Link: https://leetcode.com/problems/number-of-provinces/

Solution:

Topics: DFS, union find

Intuition
This is a kind of annoying variation on the connected components class of problems. The reason why it’s annoying is because the graph is given in a strange form which complicates the graph traversal. On first glance one could think think that the connected components are adjacently connected 1’s but this is not the case.

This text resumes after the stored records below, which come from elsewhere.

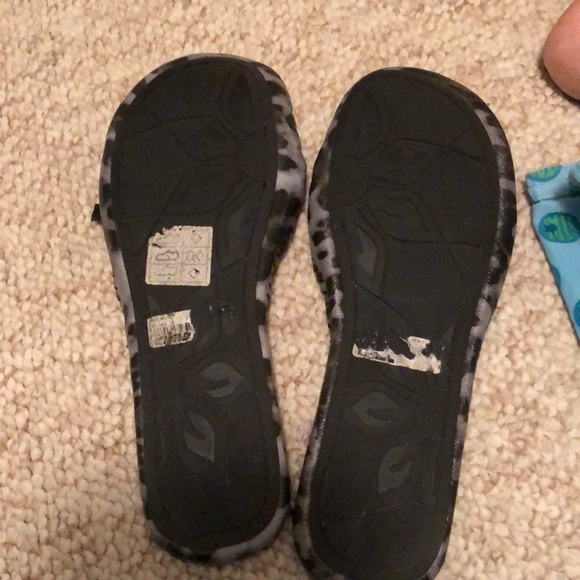 Used slippers - Picture 4 of 5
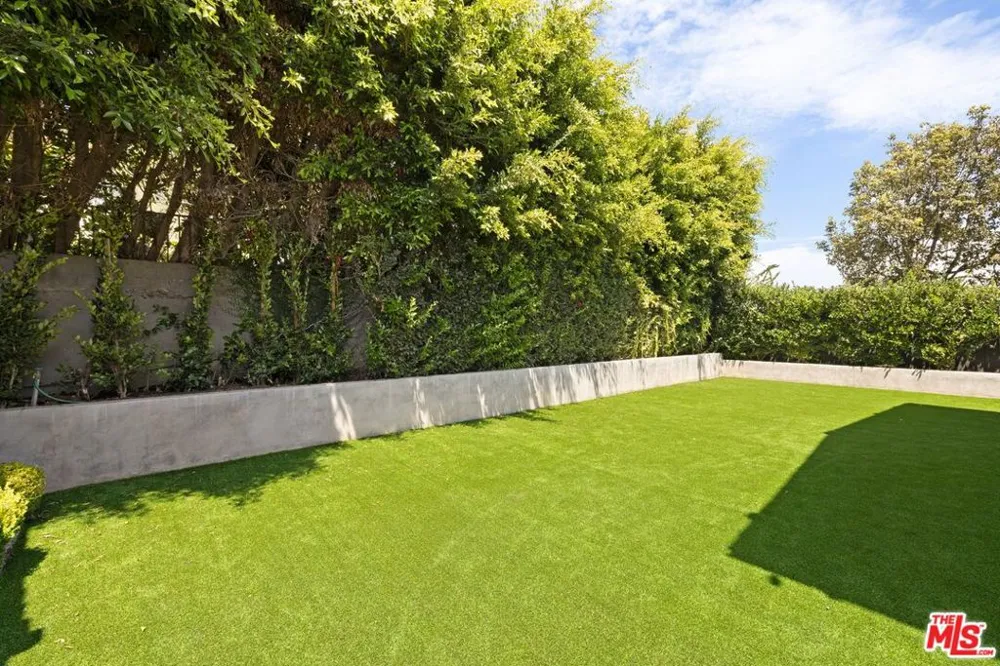 14901 Ramos Place Los Angeles, CA 90272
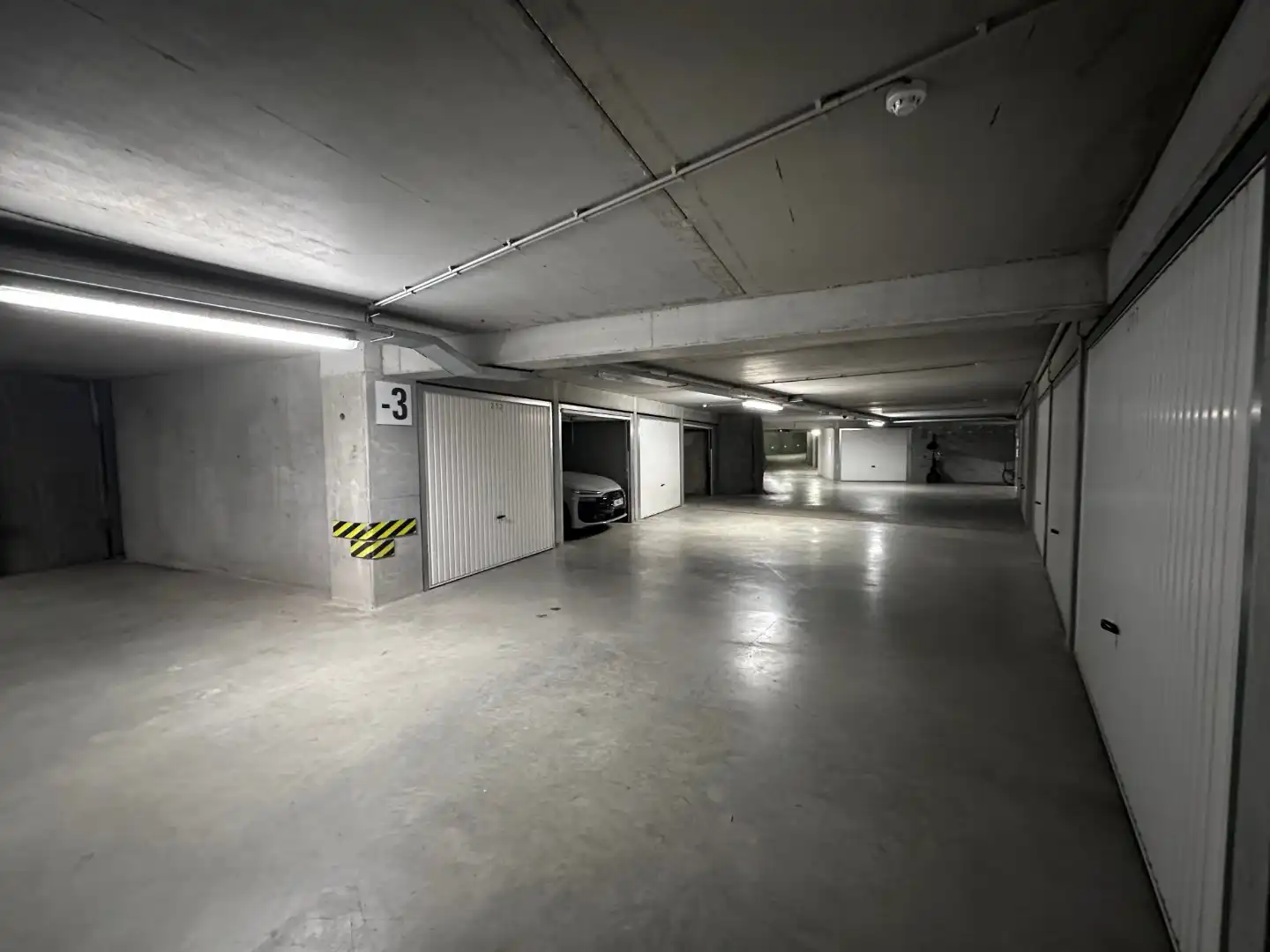 Goed bereikbare garagebox aan de Zoutelaan in Knokke foto 4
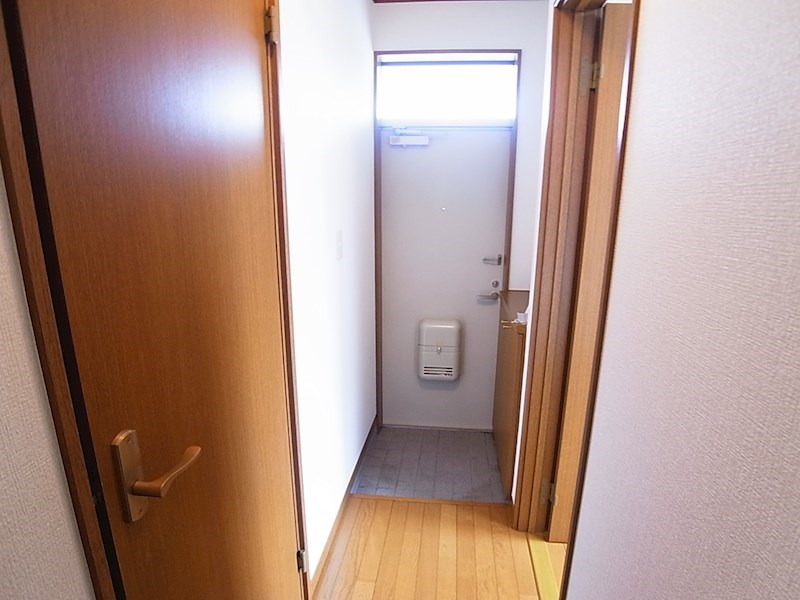 プランドール弐番館 玄関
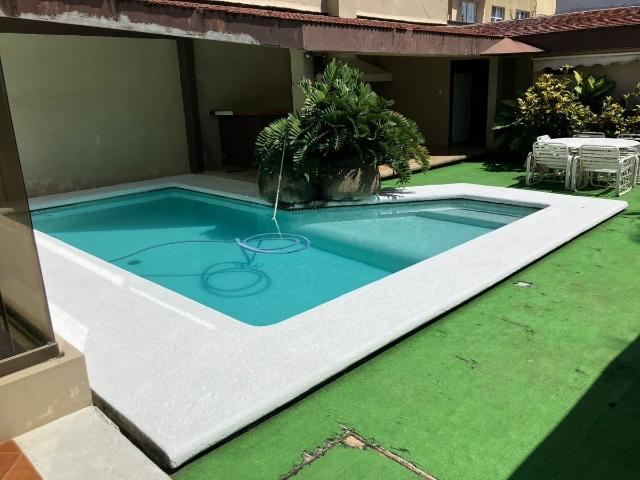 Residencia en venta, con alberca en Coatzacoalcos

Each node must be connected to itself…which doesn’t really make sense but this is how the graph is modelled.

For example:

    connected to 3 
        /        |
[1, 0, 1]        |
[0, 1, 0]        | this is a valid connection,
[1, 0, 1]        | the traversal must jump from 
  \              | city 1 to city 3
   connected to 1

There is also a union find solution, which is extremely efficient for relationship graphs…it’s also the only efficient way to find connected components in dynamic graphs (updating relationships). Not a perfect use case here because our graph is static but none the less an interesting approach.

Implementation (DFS)

def number_of_prov(isConnected):
	def dfs(city):
		if city in visited:
			return False
		visited.add(city)
		for i in range(len(isConnected)):
			if i == city:
				continue
			if isConnected[city][i] == 1:
				dfs(i)
		return True
		
	visited = set()
	provs = 0
	for i in range(len(isConnected)):
		if dfs(i):
			provs += 1
	return provs
		
#time: o(n**n) for n*n matrix
#memory: o(n**n) stack space

Implementation (union find)

class UnionFind:
    def __init__(self, n):
        self.parent = list(range(n))
        self.count = n
 
    def find(self, x):
        if self.parent[x] != x:
            self.parent[x] = self.find(self.parent[x])
        return self.parent[x]
 
    def union(self, x, y):
        root_x, root_y = self.find(x), self.find(y)
        if root_x != root_y:
            self.parent[root_x] = root_y
            self.count -= 1
 
class Solution:
    def findCircleNum(self, isConnected: List[List[int]]) -> int:
        n = len(isConnected)
        uf = UnionFind(n)
 
        for i in range(n):
            for j in range(i + 1, n):
                if isConnected[i][j] == 1:
                    uf.union(i, j)
 
        return uf.count

Visual

Review 1
The easiest solution here is to build an adjacency list and count components. The slightly better solution is to traverse the matrix as-is! This is a more subtle solution but eliminates the need for an adjacency list. The even more subtle solution is to use union find.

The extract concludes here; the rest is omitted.